■ Problem to work on:
Copy out the lines beginning with the one that contains "Nillkin Стъклен протектор" and ending with the last line below, exactly as they stand. Pictures are not copied.

■ Available data:
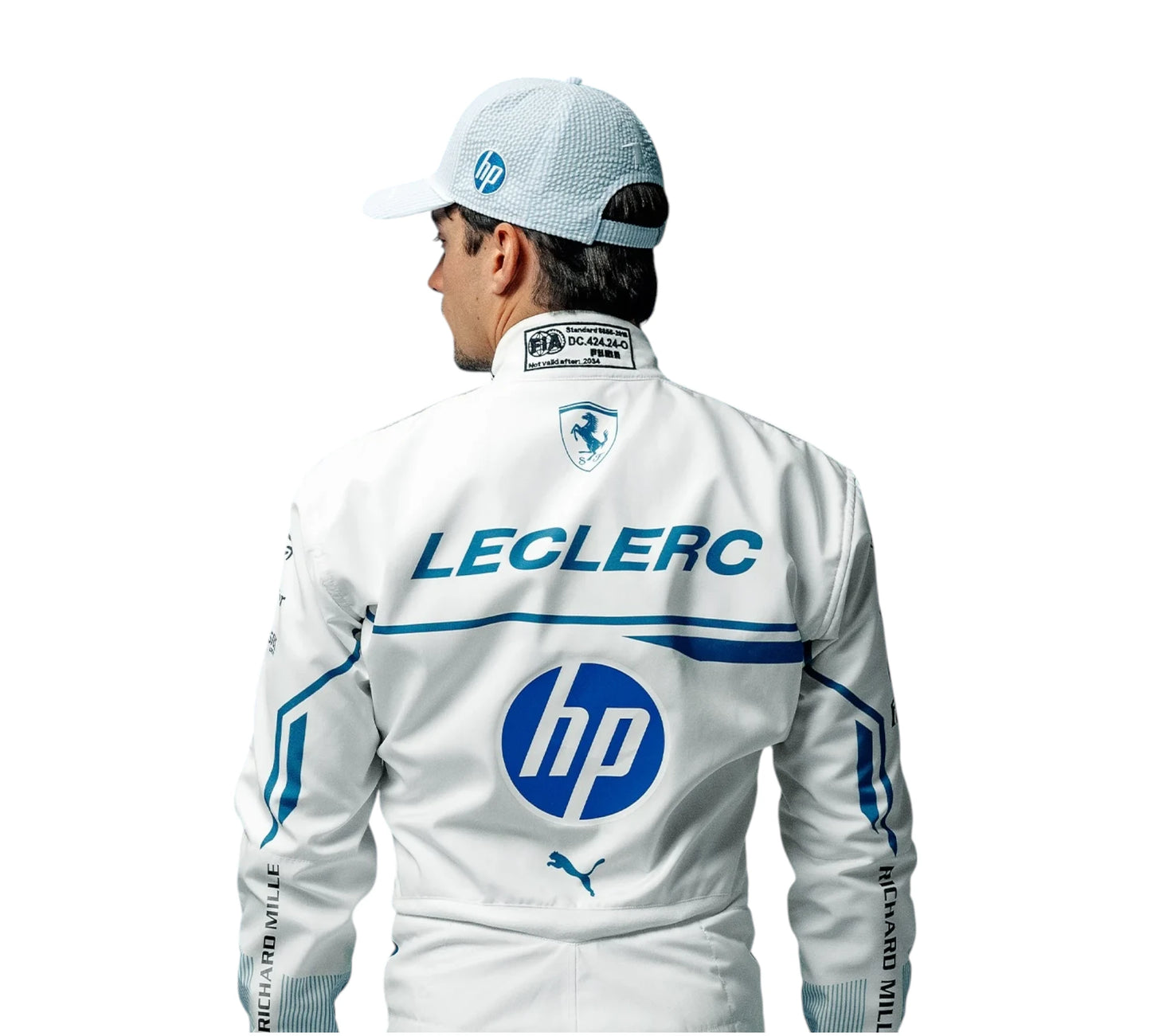 2025 Scuderia Ferrari HP F1 Team Monaco Grand Prix Race suit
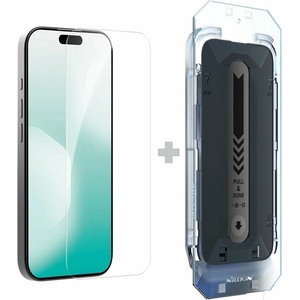 Nillkin Стъклен протектор Nillkin H+Pro Anti-Explosion Glass с апликатор - iPhone 18 Pro / iPhone 17 Pro - Прозрачен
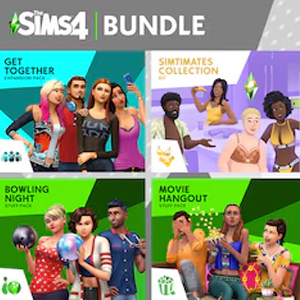 The Sims 4 Get Dating Bundle Xbox One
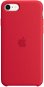Kryt na mobil Apple iPhone SE Silikónový kryt (PRODUCT) RED - Kryt na mobil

■ Expected answer:
 Nillkin Стъклен протектор Nillkin H+Pro Anti-Explosion Glass с апликатор - iPhone 18 Pro / iPhone 17 Pro - Прозрачен
 The Sims 4 Get Dating Bundle Xbox One
Kryt na mobil Apple iPhone SE Silikónový kryt (PRODUCT) RED - Kryt na mobil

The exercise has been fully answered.